ГОНЧАРНОЕ ПРОИЗВОДСТВО
Ювелирное производство, изделия церковного быта, книжное и переплетное дело – вот те отрасли производства, которые особенно выделяли Москву из числа других городов. Москва – центр тонких ремесел, связанных с обслуживанием потребностей феодалов и церкви. Однако было бы неправильно характеризовать московское ремесло как ремесло, исключительно занятое производством дорогих изделий.
Москва рисуется как центр самых различных производств, в том числе и таких, которые обслуживали широкие круги горожан. Среди них большое значение имело гончарное дело, сосредоточенное за городом, в упомянутом раньше Заяузье, где жили кузнецы и котельники. Здесь находилась Гончарная улица, сохранившая свое название до нашего времени. Тут стояли две церкви: Воскресения и Успения, «в гончарах». Одна из них (Успения) сохранилась в постройке XVII века и украшена поливными изразцами того же времени, составляющими цветной пояс, протянутый непосредственно под карнизом вдоль церкви.
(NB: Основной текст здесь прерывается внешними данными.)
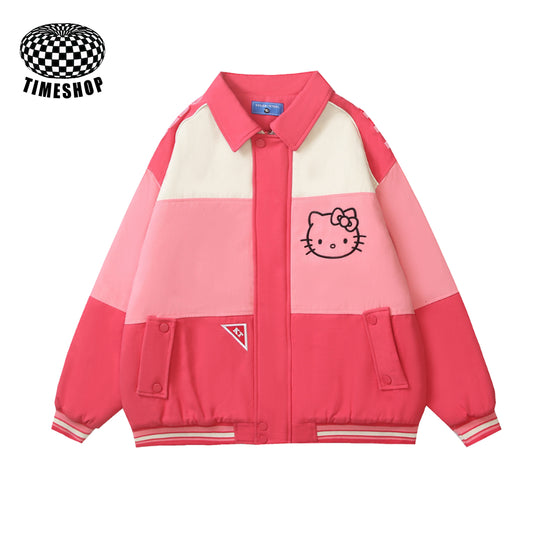 Hello Kitty pink baseball jacket
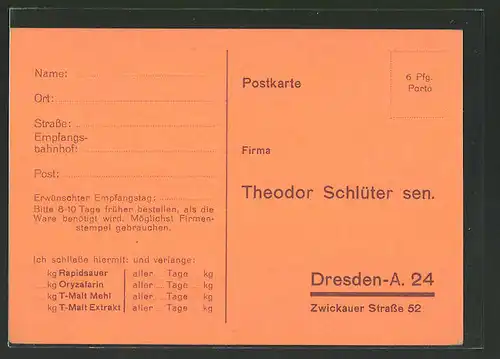 AK Reklame für die Firma Theodor Schlüter sen., Dresden A., Zwickauer Strasse 52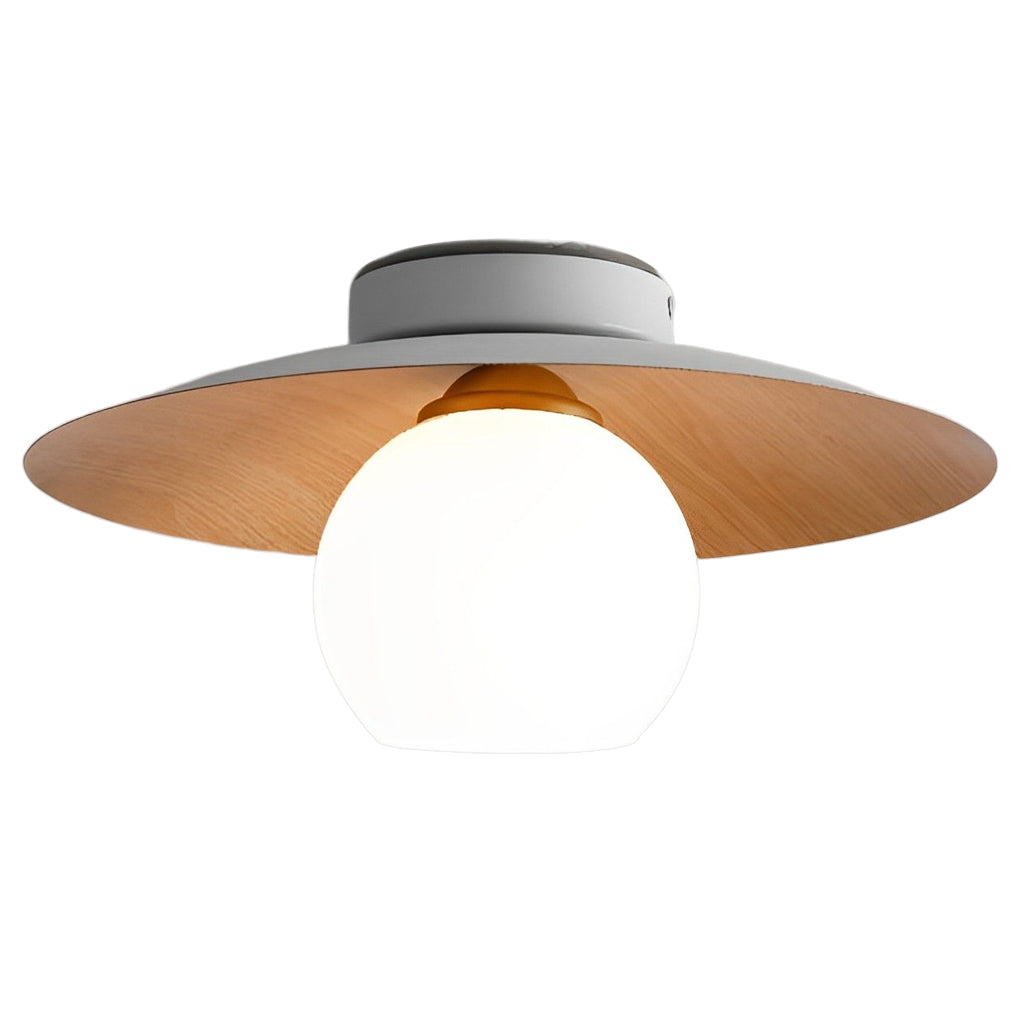 Bowl-Shaped LED Flush-Mount Ceiling Light — Iron and Glass, Imitation Wood Texture, 13.8", 3000K Warm White
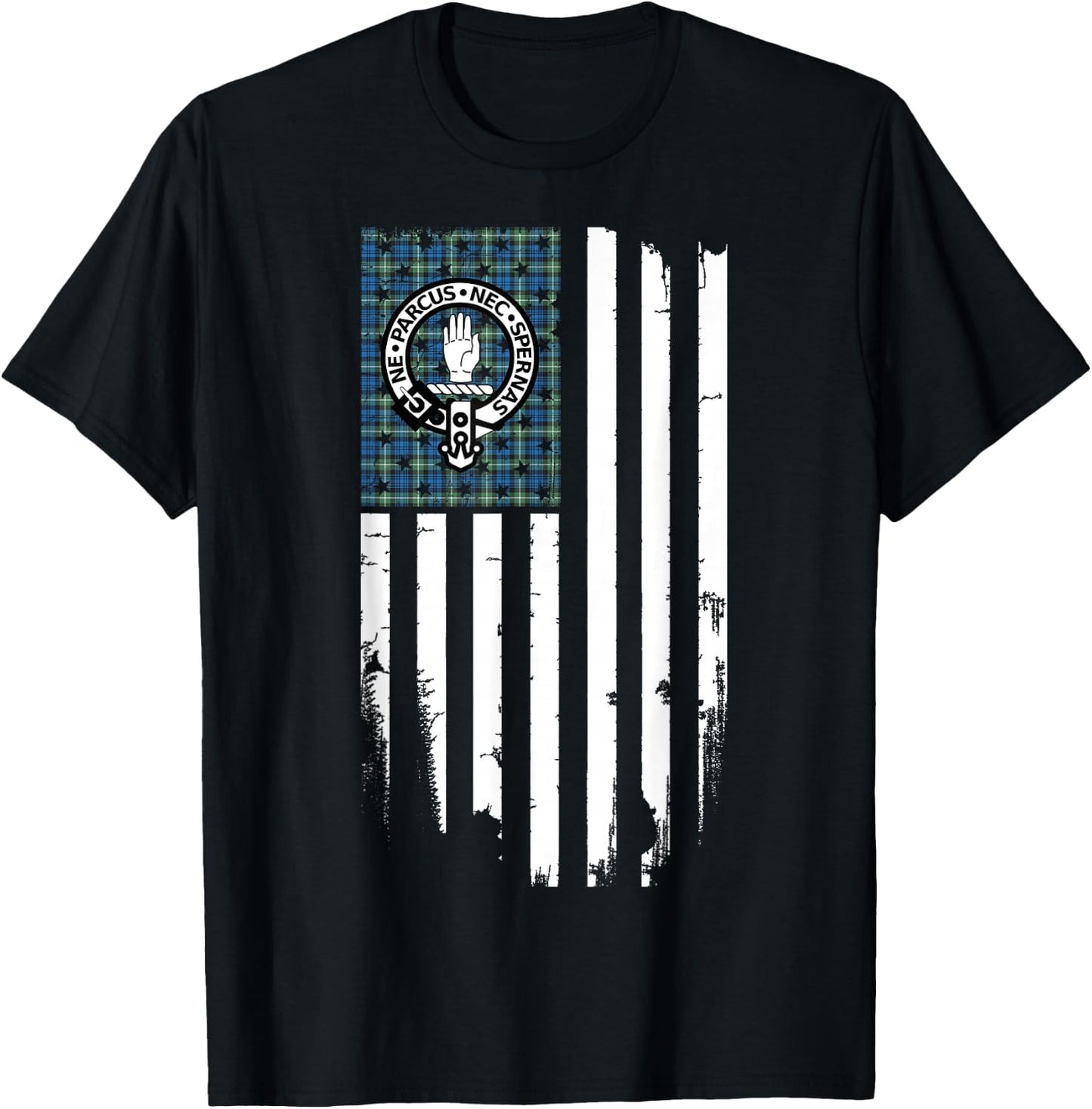 Scottish American Lamont Clan & Stripes Flag T-Shirt - T-Shirt | Black
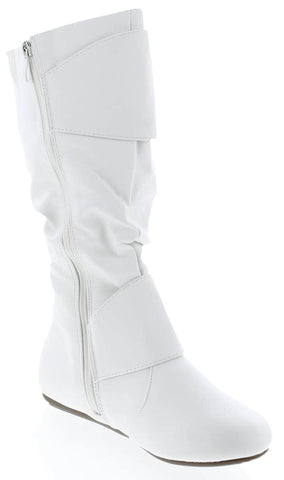 Forever Link Selena-24 White Closed Round Toe  Flat Heel Mid-Calf Boot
Подтверждением раннего возникновения Гончарной слободы в Заяузье служат находки черепков так называемой «городской керамики», найденной «на склоне Таганского холма к Котельнической набережной», следовательно, как раз в районе Гончарной слободы. «Дата этой керамики, очевидно, также довольно ранняя. Судя по аналогиям, она не моложе XIV века».[265] Таково определение М. Г. Рабиновича, давшего Денное исследование о московской керамике.
КОЖЕВЕННОЕ ДЕЛО И ПОРТНОВСКОЕ МАСТЕРСТВО
Значительное распространение должно было получить в Москве кожевенное производство. Позже оно было сосредоточено далеко за городом, в районе современных Кожевнических набережных («в кожевниках»), раньше же, несомненно, располагалось где—то ближе, но также за городом. Возможным районом кожевенного производства в Москве были «Сыромятники», лежавшие в излучине Яузы (как известно, вода является необходимой принадлежностью кожевенного производства).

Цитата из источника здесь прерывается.